[OSM-newbies] newbies Digest, Vol 27, Issue 27
Mike Harris
mikh43 at googlemail.com
Mon May 25 14:48:45 BST 2009
Oh dear! High school trigonometry at my advanced age! I only hope that I
have understood the question correctly. If so, the short answer is yes.
The simplest approach is to take each of points A, B and C separately as the
solution for A does not require information about B or C.
As I understand the question, you know the positions of X and Y - and
therefore you know the distance between them - call it P - and the bearing
of Y from X - call it L. You also know the bearing of unknown point A from
point X - call it J - and the bearing of unknown point A from point Y - call
it K.
Consider the triangle XYA. You know that the distance XY = P. You know the
angle at X (the difference between the bearings from X of points A and Y) =
J+L. Based on the simple properties of parallel lines it should be clear
that the angle at A (the difference between the bearings of A from X and
from Y) = K-J. As a triangle's internal angles sum to 360 degrees, you know
that the angle at Y is 360-(J+L)-(K-J) = 360-K-L.
Therefore in triangle XYA you know one side and two angles - so this
triangle is completely defined and can be solved.
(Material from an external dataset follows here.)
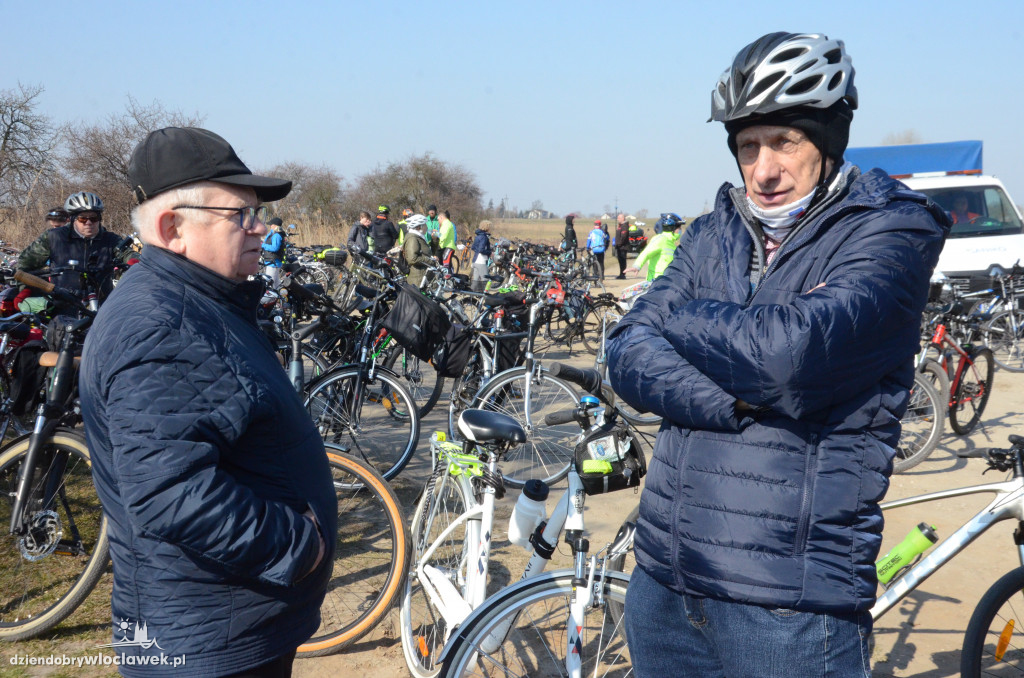 Pojechali rowerami topić marzanny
Solve it for the distance
XA - the distance from X to A. Call this distance Q. Then, applying the sine
rule:
P / sin (K-J) = Q / sin (360-K-L)
So Q = P * sin (360-K-L) / sin (K-J)
Now that you know Q, it is simple to calculate the distance of A north/south
from X ( = Q cos J) and the distance of A east/west from X ( = Q sin J).
Thus you have the northing and easting for point A.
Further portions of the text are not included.